## Task directions
Return every line below exactly.

(Dataset entries)

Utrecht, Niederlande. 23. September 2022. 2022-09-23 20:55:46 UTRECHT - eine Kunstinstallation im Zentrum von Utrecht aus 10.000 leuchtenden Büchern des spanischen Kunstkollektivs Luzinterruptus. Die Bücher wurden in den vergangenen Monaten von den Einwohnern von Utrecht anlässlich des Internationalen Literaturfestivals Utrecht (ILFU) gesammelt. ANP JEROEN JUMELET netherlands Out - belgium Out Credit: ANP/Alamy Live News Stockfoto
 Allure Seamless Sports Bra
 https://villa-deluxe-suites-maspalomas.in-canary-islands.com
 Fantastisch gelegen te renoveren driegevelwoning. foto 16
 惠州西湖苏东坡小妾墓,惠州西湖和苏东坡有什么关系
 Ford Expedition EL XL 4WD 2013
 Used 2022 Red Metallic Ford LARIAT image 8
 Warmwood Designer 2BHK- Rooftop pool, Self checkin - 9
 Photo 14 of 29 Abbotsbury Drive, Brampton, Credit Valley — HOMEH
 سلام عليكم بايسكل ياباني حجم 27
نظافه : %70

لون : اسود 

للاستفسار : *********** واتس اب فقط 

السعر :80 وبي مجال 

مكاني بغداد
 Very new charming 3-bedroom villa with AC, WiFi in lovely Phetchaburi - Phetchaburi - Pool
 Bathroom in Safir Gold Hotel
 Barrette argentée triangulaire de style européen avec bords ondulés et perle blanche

## Answer section
Utrecht, Niederlande. 23. September 2022. 2022-09-23 20:55:46 UTRECHT - eine Kunstinstallation im Zentrum von Utrecht aus 10.000 leuchtenden Büchern des spanischen Kunstkollektivs Luzinterruptus. Die Bücher wurden in den vergangenen Monaten von den Einwohnern von Utrecht anlässlich des Internationalen Literaturfestivals Utrecht (ILFU) gesammelt. ANP JEROEN JUMELET netherlands Out - belgium Out Credit: ANP/Alamy Live News Stockfoto
 Allure Seamless Sports Bra
 https://villa-deluxe-suites-maspalomas.in-canary-islands.com
 Fantastisch gelegen te renoveren driegevelwoning. foto 16
 惠州西湖苏东坡小妾墓,惠州西湖和苏东坡有什么关系
 Ford Expedition EL XL 4WD 2013
 Used 2022 Red Metallic Ford LARIAT image 8
 Warmwood Designer 2BHK- Rooftop pool, Self checkin - 9
 Photo 14 of 29 Abbotsbury Drive, Brampton, Credit Valley — HOMEH
 سلام عليكم بايسكل ياباني حجم 27
نظافه : %70

لون : اسود 

للاستفسار : *********** واتس اب فقط 

السعر :80 وبي مجال 

مكاني بغداد
 Very new charming 3-bedroom villa with AC, WiFi in lovely Phetchaburi - Phetchaburi - Pool
 Bathroom in Safir Gold Hotel
 Barrette argentée triangulaire de style européen avec bords ondulés et perle blanche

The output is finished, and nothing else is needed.